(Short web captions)

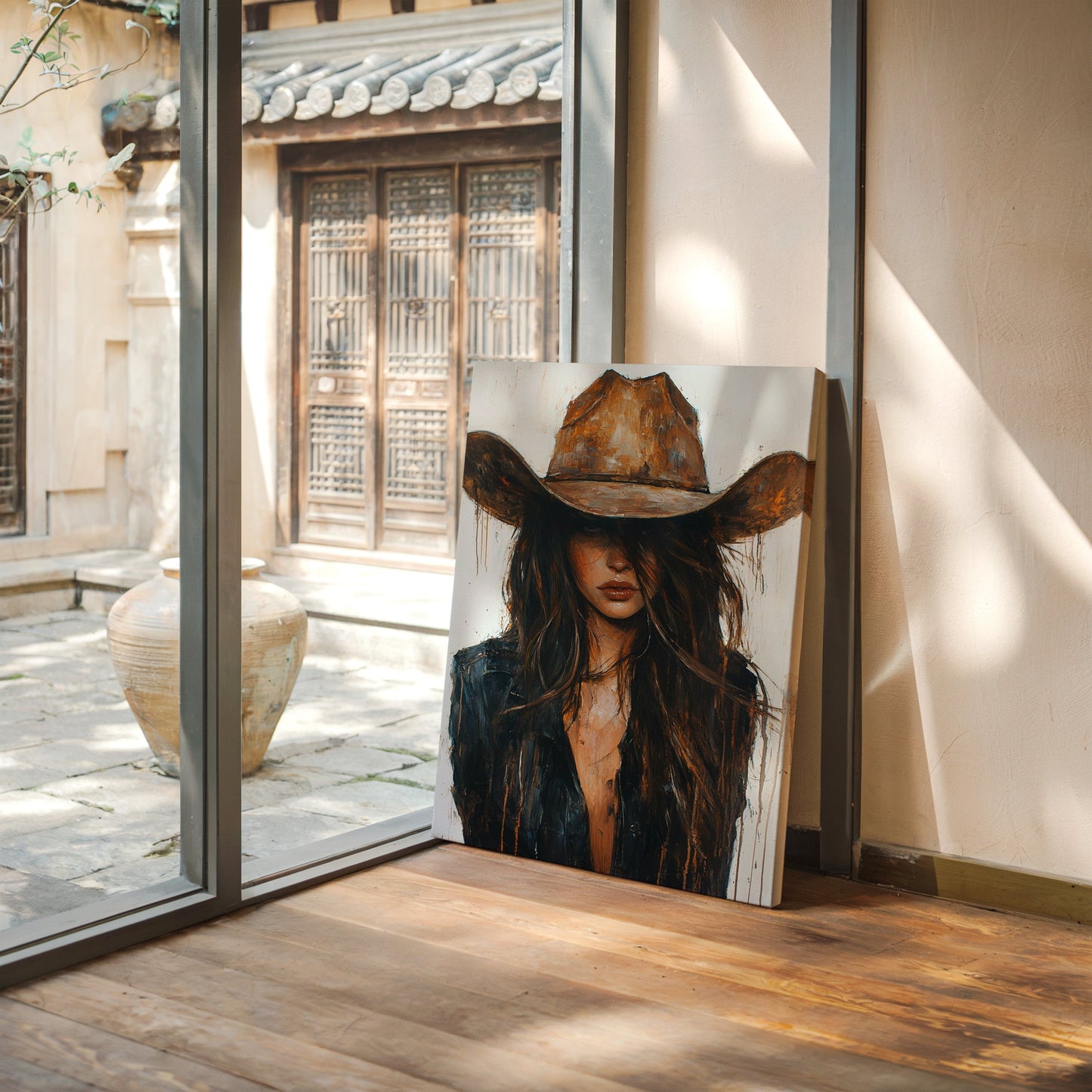 Whiskey Dust – Kühner Western-Cowgirl-Druck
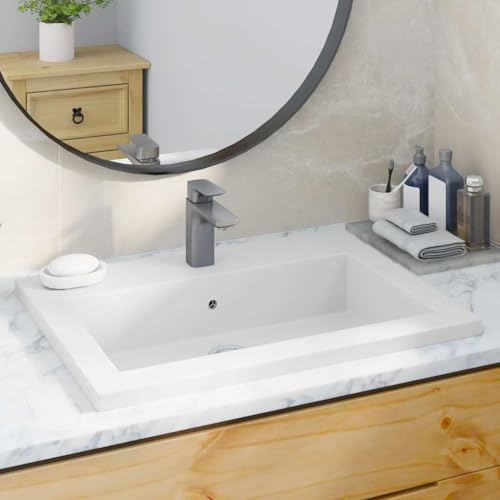 Générique Lavabo en Granit 600 x 450 x 120 mm Blanc,Équipements sanitaires,Éviers & lavabos,Lavabos,142964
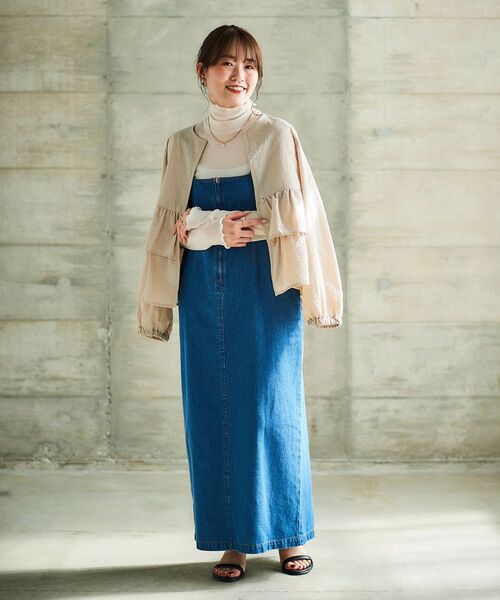 le.coeur blanc（ルクールブラン） ジャンパースカート フロントジップ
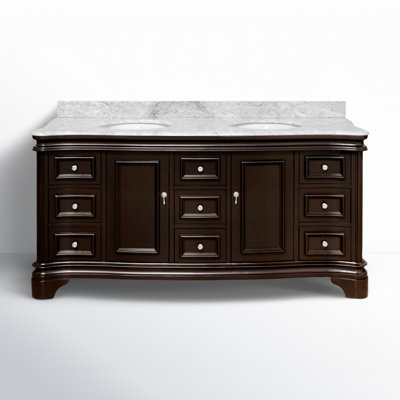 Twain 72" Double Bathroom Vanity Set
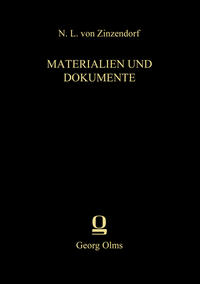 Vorderes Coverbild N. L. von Zinzendorf: Materialien und Dokumente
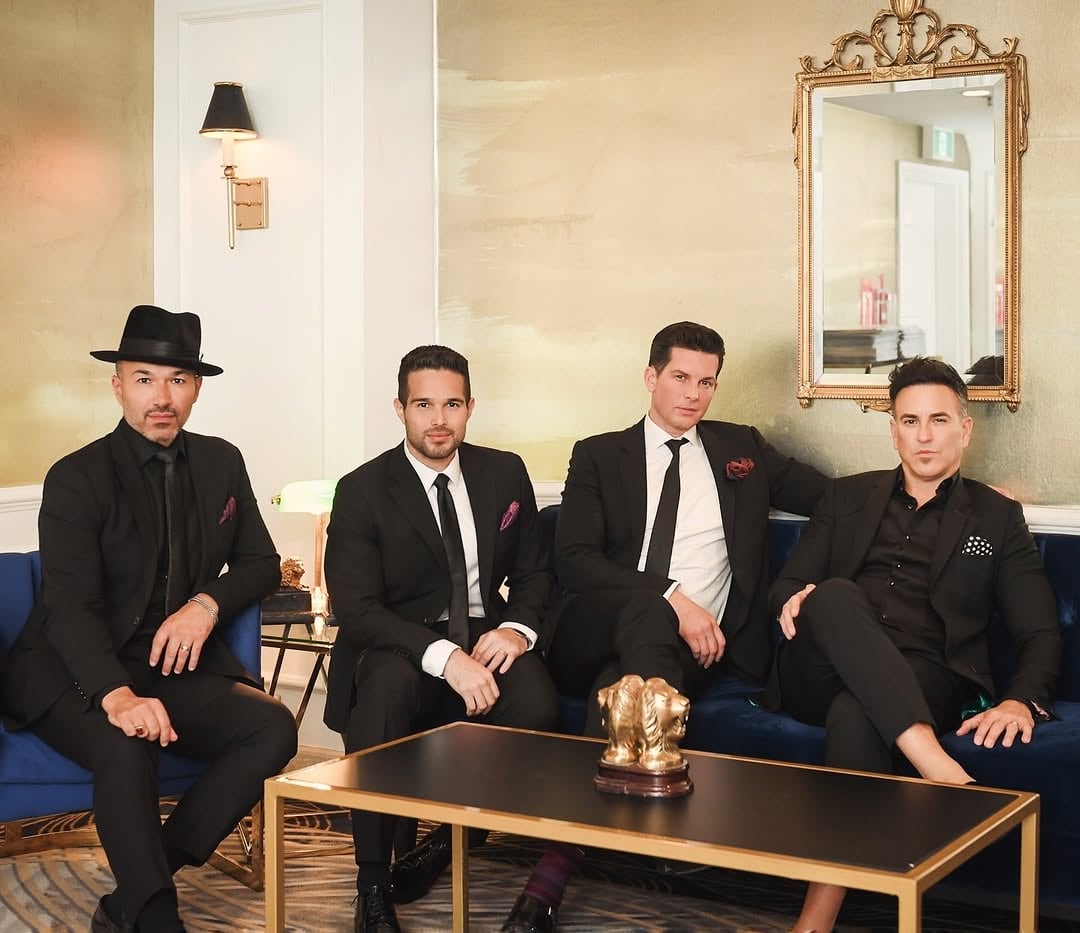 The Tenors, grupo canadiense con el cantante costarricense Eduardo Aguirre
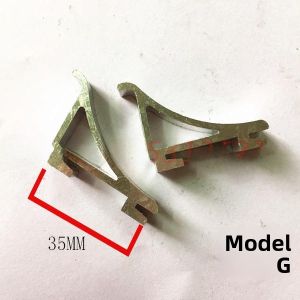 Stainless Steel Universal Cold Storage Refrigerator Display Case Freezer Rack Hook Plastic Fixed Clip K-Type Clamp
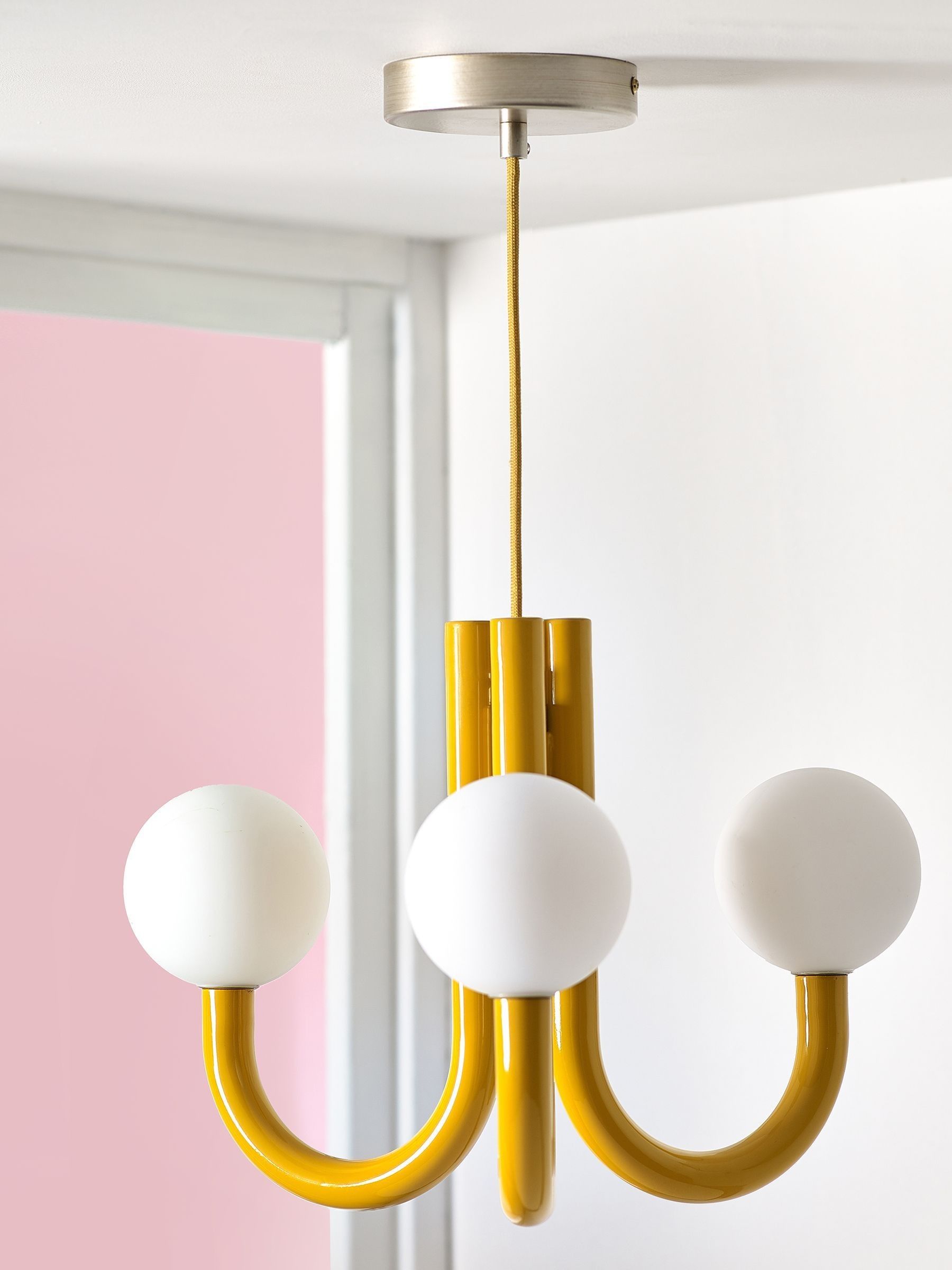 Novogratz Yellow Cordelia Chandelier - Image 2 of 6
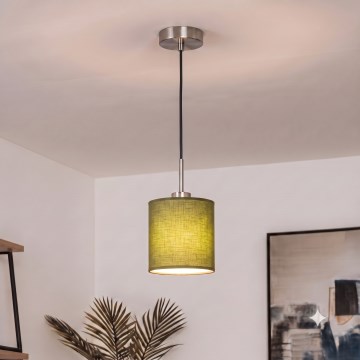 Brilagi - LED luster na sajli NUBILA 1xE27/60W/230V Ø 14 cm crna/zelena
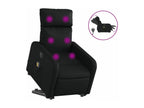 Black faux leather electric reclining massage chair YSUZ20179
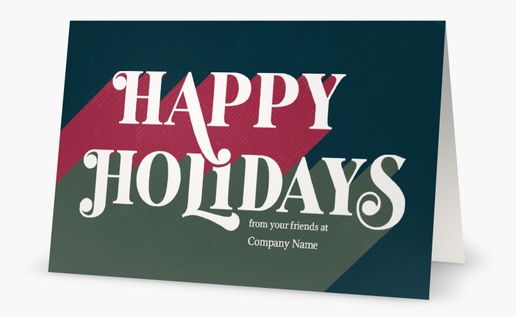 Design Preview for Design Gallery: Retro & Vintage Christmas Cards, Folded 4.6" x 7.2" 
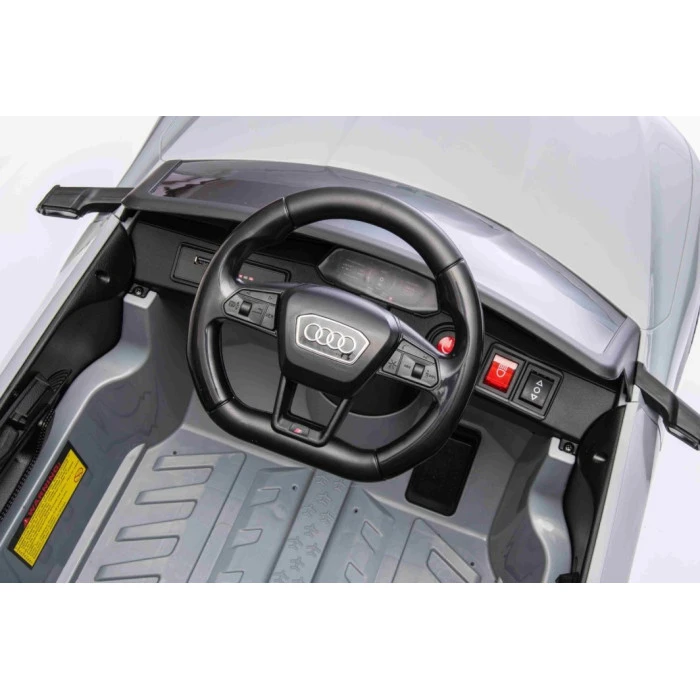 Дитяча акумуляторна машинка Audi SQ8 Сіра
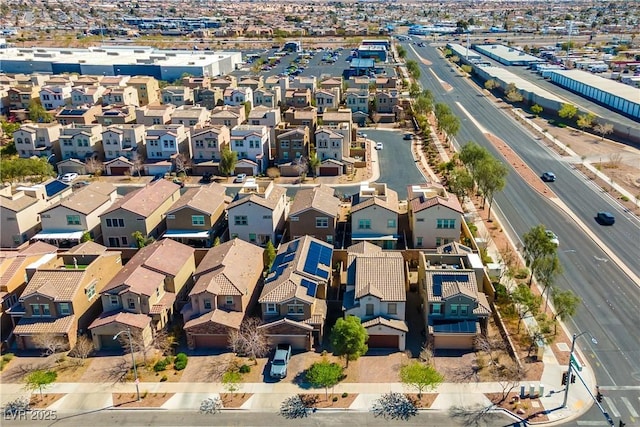 bird's eye view with a residential view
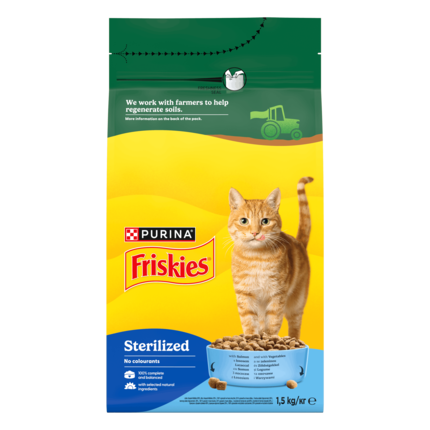 Friskies® Sterilized. Сухий корм для стерилізованих котів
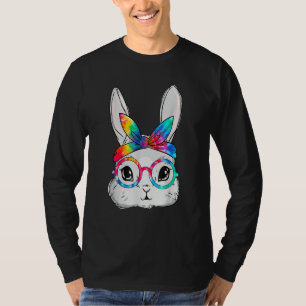 T-shirt Lunettes de soleil visage lapin Tie Dye Lunettes d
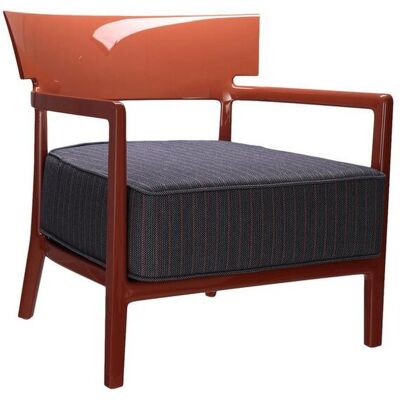 Kartell Cara Outdoor Sessel (blau, rostrot) blau rostrot Kartell Cara Outdoor Sessel (blau, rostrot) blau rostrot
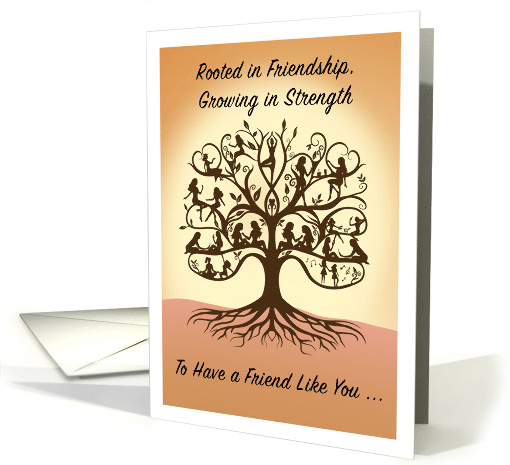 Roots in Friendship Sisterhood Appreciation card (1909736)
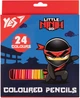 Карандаши цветные YES Ninja 24 цвета (5056574430779) - изображение 1
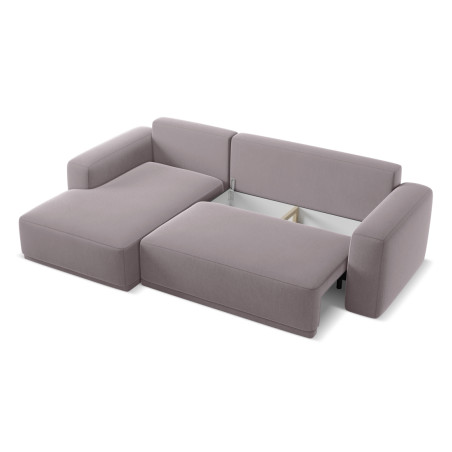 Sofa d'angle convertible Kaila Velours Lavender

TRY IT: Beginning with the first line of the records, write out every line up to and including the one with "T-shirt Lunettes de", exactly, and omit all pictures.

TASK OUTPUT:
 Whiskey Dust – Kühner Western-Cowgirl-Druck
 Générique Lavabo en Granit 600 x 450 x 120 mm Blanc,Équipements sanitaires,Éviers & lavabos,Lavabos,142964
 le.coeur blanc（ルクールブラン） ジャンパースカート フロントジップ
 Twain 72" Double Bathroom Vanity Set
 Vorderes Coverbild N. L. von Zinzendorf: Materialien und Dokumente
 The Tenors, grupo canadiense con el cantante costarricense Eduardo Aguirre
 Stainless Steel Universal Cold Storage Refrigerator Display Case Freezer Rack Hook Plastic Fixed Clip K-Type Clamp
 Novogratz Yellow Cordelia Chandelier - Image 2 of 6
 Brilagi - LED luster na sajli NUBILA 1xE27/60W/230V Ø 14 cm crna/zelena
 Black faux leather electric reclining massage chair YSUZ20179
 Design Preview for Design Gallery: Retro & Vintage Christmas Cards, Folded 4.6" x 7.2" 
 Дитяча акумуляторна машинка Audi SQ8 Сіра
 bird's eye view with a residential view
 Friskies® Sterilized. Сухий корм для стерилізованих котів
 T-shirt Lunettes de soleil visage lapin Tie Dye Lunettes d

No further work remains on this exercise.